Di balik layar, proyek ini disiapkan dengan penuh perhatian. Tim melakukan survei kebutuhan, memetakan minat pemuda, dan menilai akses digital agar setiap suara bisa terdengar, setiap wajah bisa terlihat. Bukan hanya sekadar sesi belajar bahasa, tapi juga tempat berbagi cerita, memperkenalkan proyek sosial dari masing-masing klub, serta membicarakan mimpi kolaborasi di masa depan.
Salah satu peserta dari Nigeria berkata, “Saya tidak pernah membayangkan bisa mengucapkan salam dalam bahasa Vietnam dan membuat teman saya dari Saigon tertawa karena logat saya. Tapi di situlah keindahannya—kami belajar, kami tertawa, kami tumbuh.”
Dan tumbuhlah mereka—bersama-sama.
Setelah acara usai, manfaatnya tak ikut hilang. Semua materi disimpan dan dibagikan kembali, menjadi bekal bagi anggota baru dan siapa saja yang ingin mengenal budaya lain. Hubungan yang terjalin menjadi benih proyek kolaborasi selanjutnya, bahkan mentorship lintas negara. Para pemuda ini tidak hanya menjadi pelajar bahasa, tapi juga duta persahabatan dan pemimpin masa depan.
Dalam dunia yang kadang terlalu gaduh dengan perbedaan, mereka menunjukkan bahwa keragaman bukanlah hambatan, melainkan kekayaan. Dan bahasa—sekecil apa pun kata yang diucapkan—bisa menjadi jembatan yang menghubungkan hati.

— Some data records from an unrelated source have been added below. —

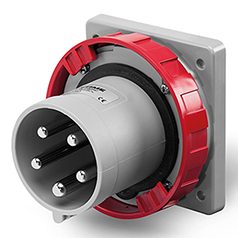 [248.12597] ENCHUFE MACHO EMBUTIDO 3P+N+T IP67 125A 6h 380-415V, FIJACION 114x114mm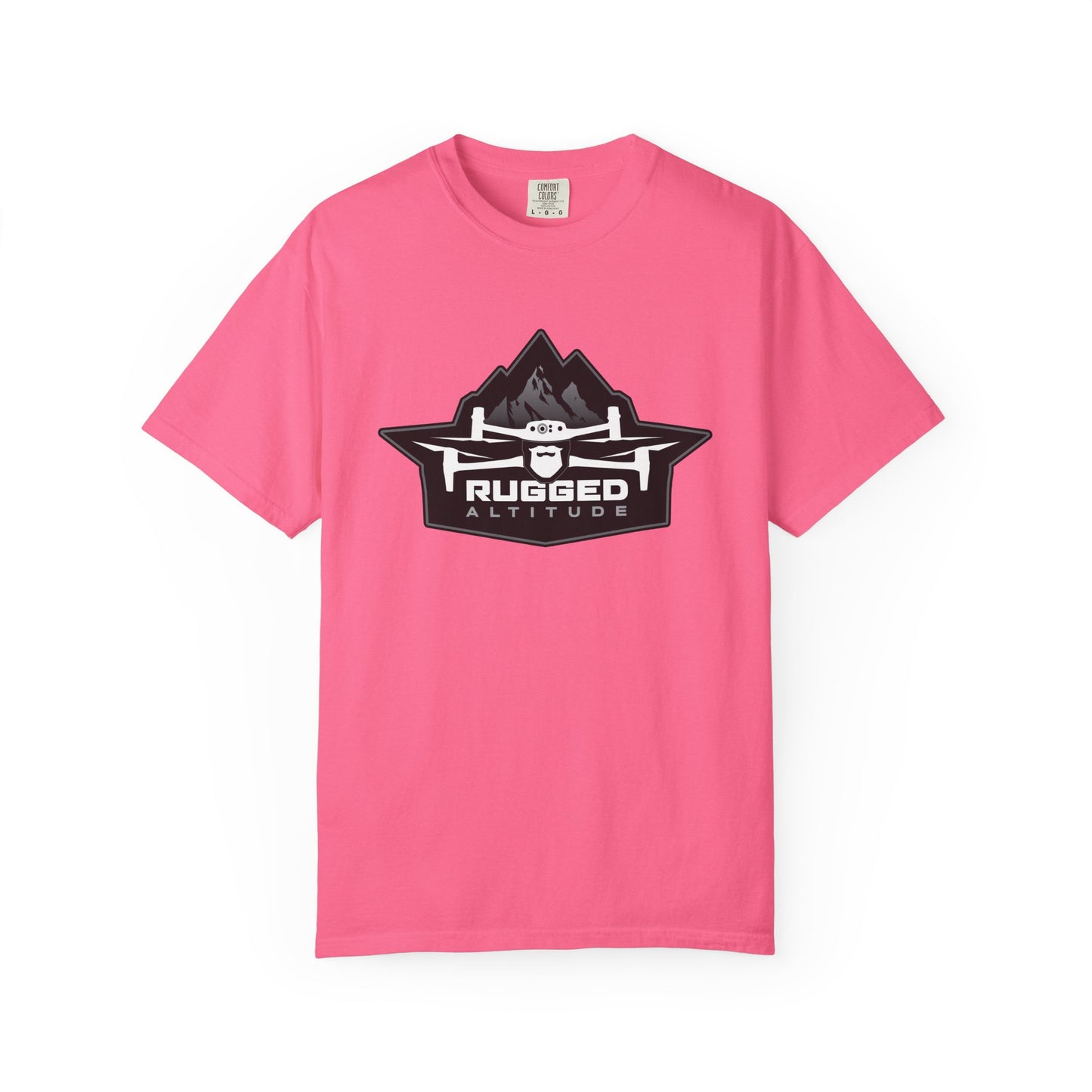 Pink Printify T-shirt with rugged altitude drone logo for deer recovery services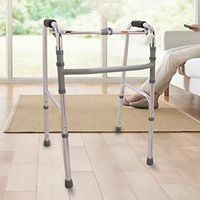 GY Walker, Aluminum Alloy with Wheels Easy to Fold Height Adjustable Elderly Auxiliary Transport Vehicle, Load 100kg Medical Supplies (Color : B)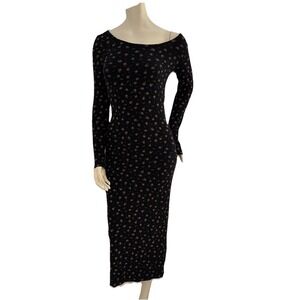 Black Floral Long Slve Waffle Bodycon Midi Dress Size Small Cottagecore Stretch
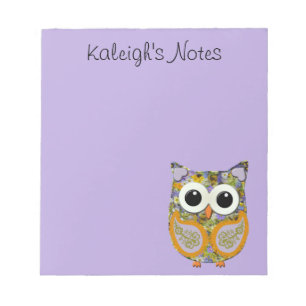 Cute Purple and Yellow Floral Owl Notepad
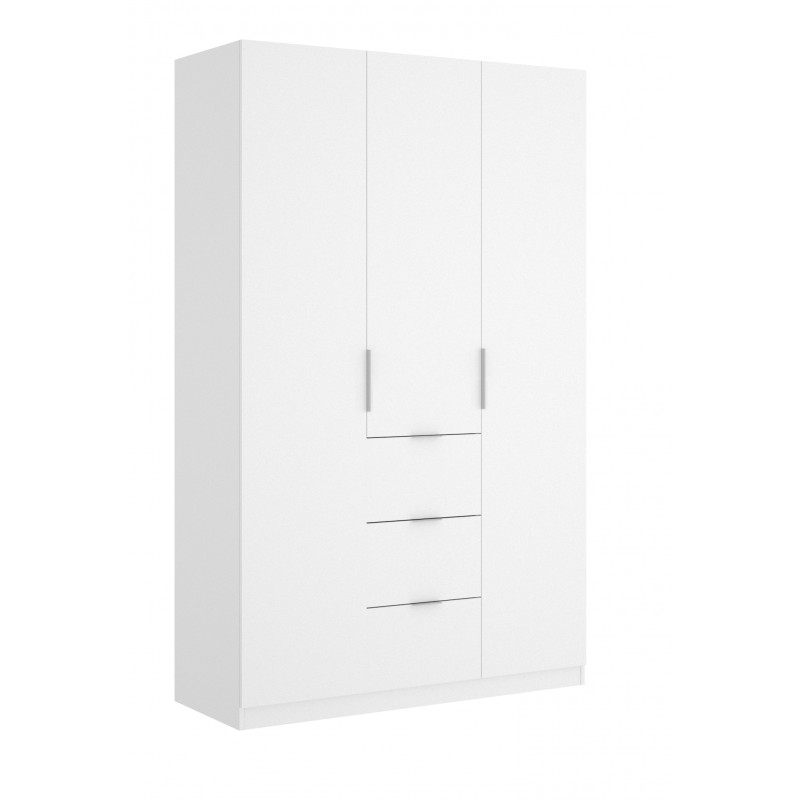MOBELCENTER - Armario Matrimonio 3 Puertas 3 Contenedores Blanco - Acabado Color Blanco Brillo - Ancho: 135 cm x Fondo: 52 cm x Alto: 204 cm - (1050)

Inilah semangat Youth Service yang sejati: memberi tanpa pamrih, mendengar tanpa menghakimi, dan membangun masa depan dengan tangan terbuka.
Karena saat kita belajar menyapa dalam bahasa satu sama lain, kita juga belajar menyapa dunia dengan cinta.

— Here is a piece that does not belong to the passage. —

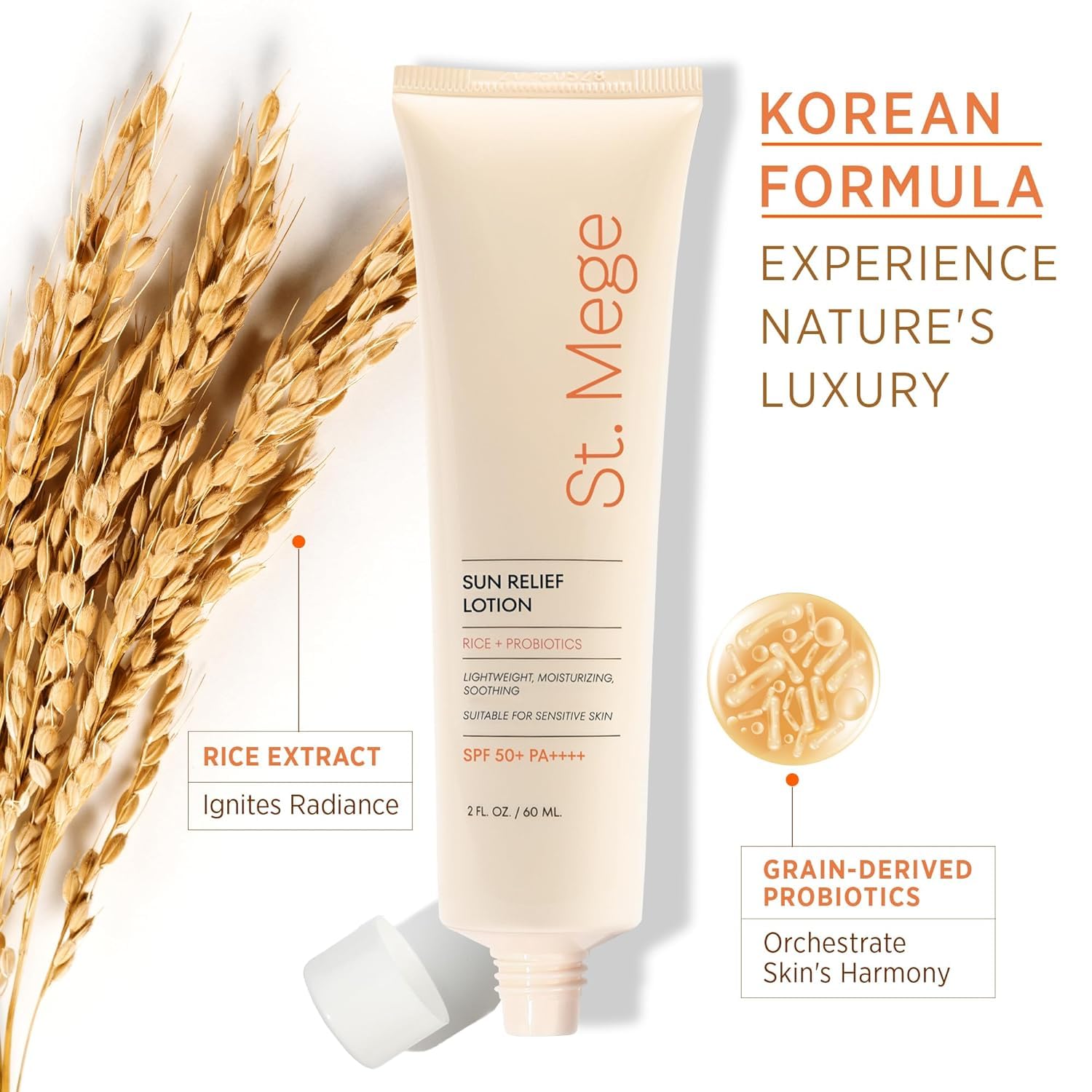 St. Mege sunscreen on the face demonstrating quick, white-cast-free application.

Building Cultures Through Language: A Story of Friendship, Understanding, and Hope
In a world that moves fast, we often forget that what truly connects us isn’t just technology or global trends—it’s something much simpler: words. A warm greeting, a shared laugh, a small phrase in someone else’s language that says, “I see you.” That’s where it all began.

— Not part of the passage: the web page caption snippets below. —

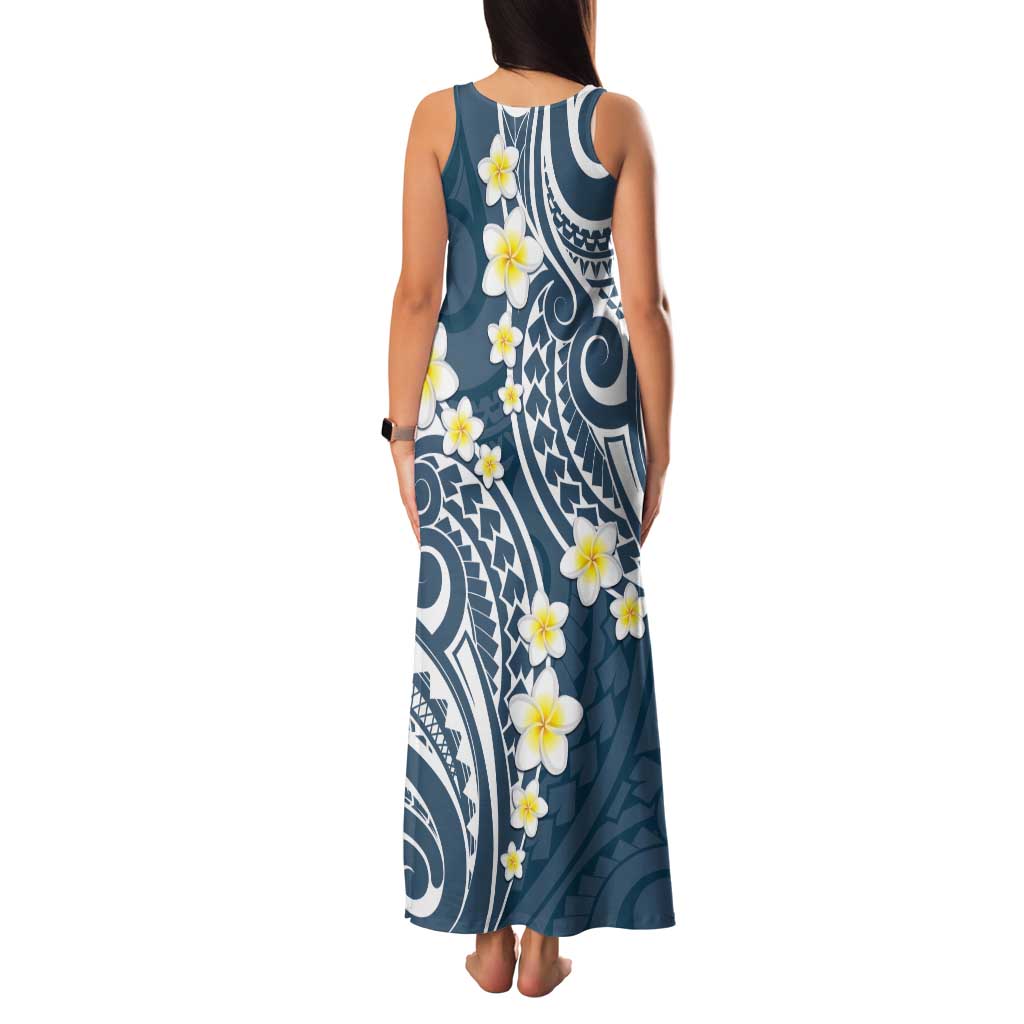Plumeria With Blue Polynesian Tattoo Pattern Family Matching Tank Maxi Dress and Hawaiian Shirt LT05 - Polynesian Pride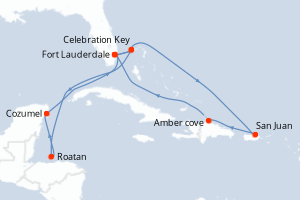 Carte itinéraire croisière Aventurero del Caribe - 14 jours au départ de Fort Lauderdale - Caraïbes Bahamas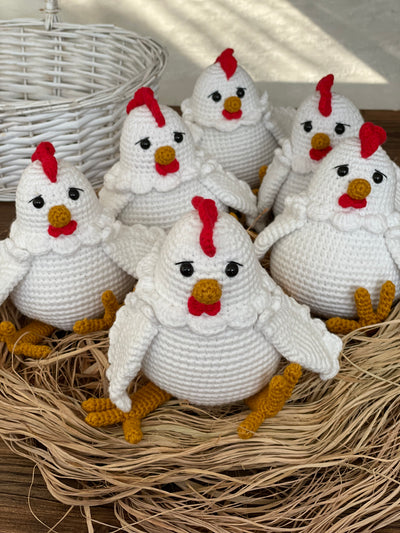 Handmade crocheted Chicken Toys with a cute and detailed design, featuring a red comb and yellow feet. This amigurumi toy is customizable with a name on a leather label, making it a perfect farm-themed nursery decor and personalized gift.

On May 11, 2025, four Rotaract Clubs from four different countries came together—not just to meet, but to build a bridge between cultures through language. From Universiti Teknologi PETRONAS in Malaysia, NAUTH in Nigeria, One Million Lives Saigon in Vietnam, and Purwokerto Aksakarsa in Indonesia, they united under one powerful idea: Bridging Cultures Through Languages.
Participants didn’t just learn greetings like “Ndewo” in Igbo, “Xin chào” in Vietnamese, or “Apa kabar?” and “Selamat datang” in Bahasa Indonesia and Malay. They learned the stories behind those words—the culture, history, and way of life from places that once felt far away, but now felt familiar.
Behind the scenes, the project was built with care. The team conducted needs assessments, mapped youth interests, and ensured digital access so every voice could be heard and every face could be seen. It wasn’t just about language exchange; it was a space to share stories, showcase club initiatives, and dream up future collaborations.
One participant from Nigeria said, “I never imagined I’d be saying greetings in Vietnamese and making my friend from Saigon laugh at my accent. But that’s the beauty of it—we learned, we laughed, we grew.”
And grow, they did—together.
Even after the sessions ended, the impact lived on. The materials were shared for future learning, friendships became seeds for upcoming joint projects, and leadership roles ensured continuity through mentorship. These young people became not only learners of language but ambassadors of friendship—and leaders for tomorrow.
In a world that can be too loud with differences, they showed that diversity is not a barrier—it’s a treasure. And language, no matter how small the word, can be a bridge that connects hearts.
This is the true spirit of Youth Service: giving without expecting, listening without judging, and building the future with open hands.
Because when we learn to greet each other in one another’s language, we also learn to greet the world—with kindness.